Poet, Teacher and Human Rights Activist to Give Principal Address at Undergraduate Commencement 2010


     Carolyn Forché has witnessed some of the most devastating social events of the 20th century. By commenting on these circumstances so eloquently in the language of poetry, she has fused the political with the personal and solidified her place as one of America’s most important and aware poetic voices. This May, the award-winning poet, translator, essayist and human rights activist will offer her unique insights to graduates and their guests as the principal speaker at The University of Scranton’s 2010 undergraduate commencement.

      “A witness of the injustices inflicted upon the people of El Salvador two decades ago, Carolyn Forché used her craft – her gift of words - to tell the tale of the marginalized,” said Rev. Scott R. Pilarz, S.J., president of The University of Scranton. “We are honored to have Carolyn as our commencement speaker as the culmination of our remembrance of the 20th anniversary of the Jesuit Martyrs of El Salvador.” 

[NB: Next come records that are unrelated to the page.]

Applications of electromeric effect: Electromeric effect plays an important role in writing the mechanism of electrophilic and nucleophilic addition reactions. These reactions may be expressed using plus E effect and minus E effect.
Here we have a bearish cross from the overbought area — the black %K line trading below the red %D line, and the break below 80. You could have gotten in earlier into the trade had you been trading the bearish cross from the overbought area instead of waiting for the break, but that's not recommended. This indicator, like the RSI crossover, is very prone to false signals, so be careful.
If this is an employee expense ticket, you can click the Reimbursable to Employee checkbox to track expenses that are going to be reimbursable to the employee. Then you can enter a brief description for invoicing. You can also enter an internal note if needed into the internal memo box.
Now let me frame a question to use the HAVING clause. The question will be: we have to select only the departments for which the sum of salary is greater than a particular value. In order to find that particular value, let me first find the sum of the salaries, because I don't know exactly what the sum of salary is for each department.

     Forché has coined the term “poetry of witness” to describe her politically engaged poetry. In her groundbreaking anthology, Against Forgetting: Twentieth-Century Poetry of Witness (1993), she presents poets who had written under extreme conditions, including war, exile and imprisonment. “We are accustomed to rather easy categories: we distinguish between ‘personal’ and ‘political’ poems… The distinction… gives the political realm too much and too little scope; at the same time, it renders the personal too important and not important enough. If we give up the dimension of the personal, we risk relinquishing one of the most powerful sites of resistance,” Forché said.

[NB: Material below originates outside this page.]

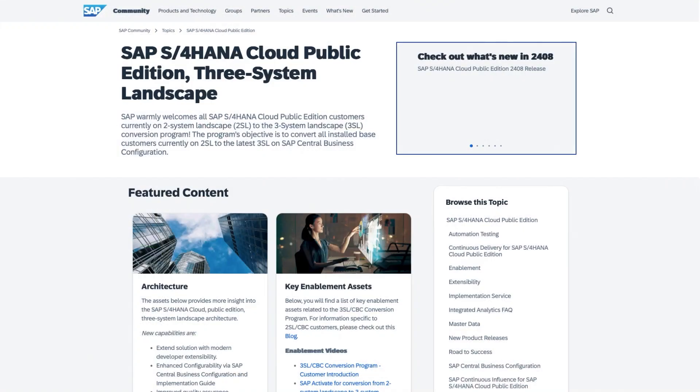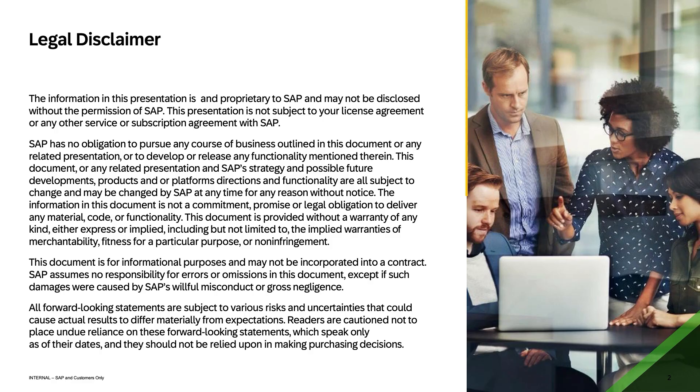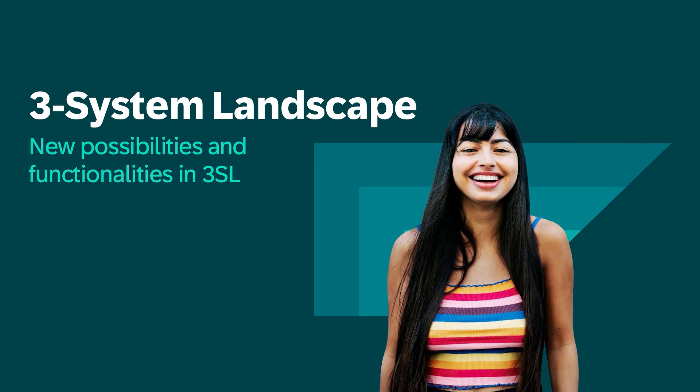Very pleased to hear about this very efficient working model between the two of you. As we just talked about documentation, you can find all the details in the SAP S4HANA Cloud Public Edition 3 System Landscape page in the SAP community. You'll find, for example, the program introduction, customer conversion checklist, enablement videos and much more. Click on the link available in the description below.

     Forché’s first book of poetry, Gathering the Tribes, won the 1975 Yale Series of Younger Poets Award. This personal work recounted experiences of the author’s adolescence and young-adult life. Joyce Carol Oates praised Forché as a young poet of “uncommon vigor and assurance.” Forché received a Guggenheim Fellowship and traveled to El Salvador as part of Amnesty International, just in time to witness an unfolding civil war. Moved by the experience, she expressed her perspectives through poetry in The Country between Us (1981) at a time when most poets excluded politics from their work. The book was named the 1981 Lamont Poetry Selection and became a rare poetry bestseller. Reviewers called the book “a poetry of dissent from a poet outraged” and claimed that Forché’s poems “chronicle the awakening of a political consciousness and are themselves acts of commitment: to concepts and persons, to responsibility, to action.”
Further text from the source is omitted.